-- Activity --
All of the listing should be returned as written, apart from any picture in it.
-------- Provided material
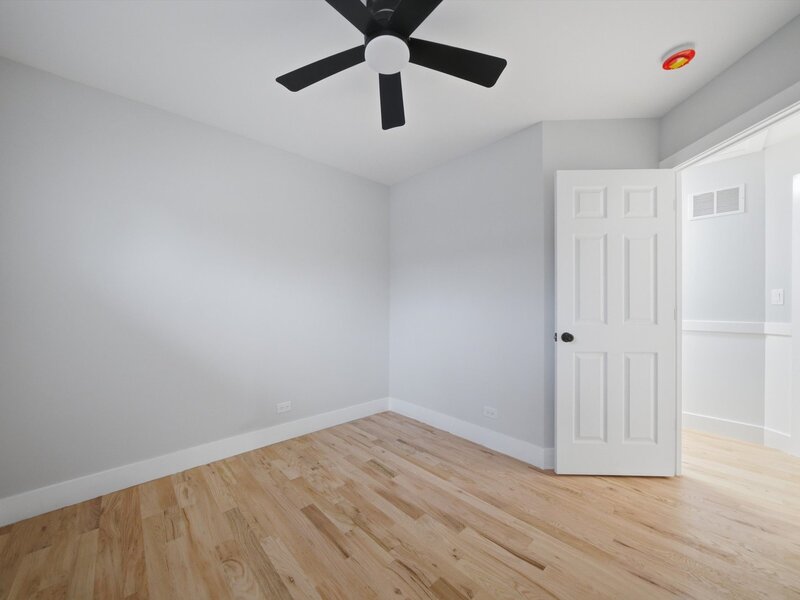 1327 S Wolf Road Hillside IL 60162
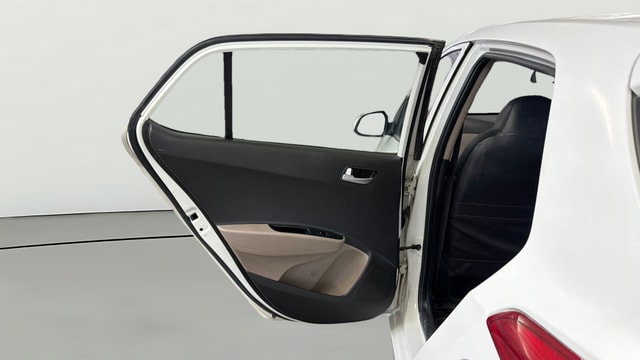 View Hyundai Grand i10 Image 22 Used Hyundai Grand i10 Image 22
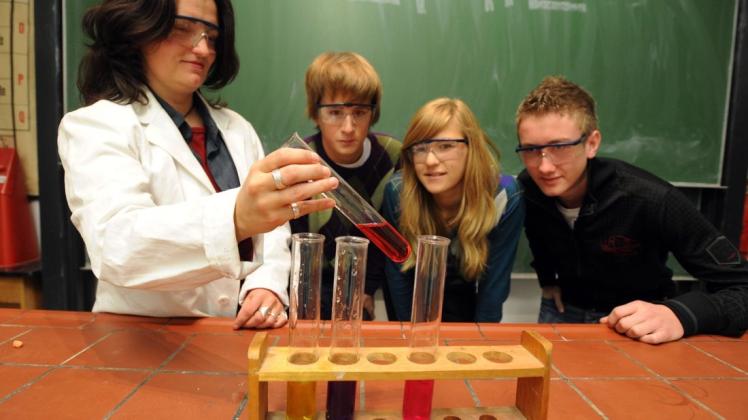 Können Sie mit dem Chemie-Wissen von Schülern mithalten?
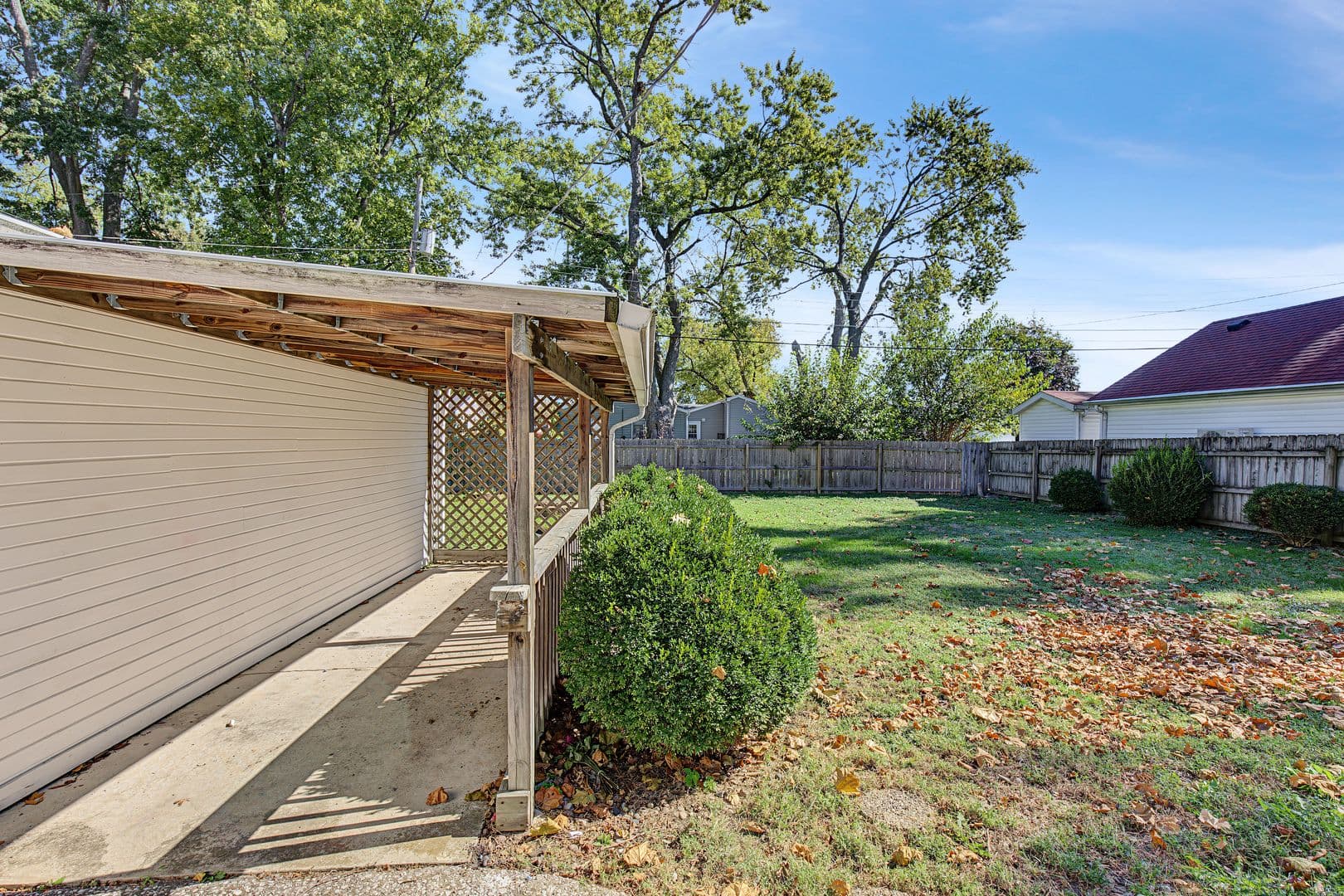 Champaign House: 1704 Ridgeland Dr.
----------------
-- Task result --
 1327 S Wolf Road Hillside IL 60162
 View Hyundai Grand i10 Image 22 Used Hyundai Grand i10 Image 22
 Können Sie mit dem Chemie-Wissen von Schülern mithalten?
 Champaign House: 1704 Ridgeland Dr.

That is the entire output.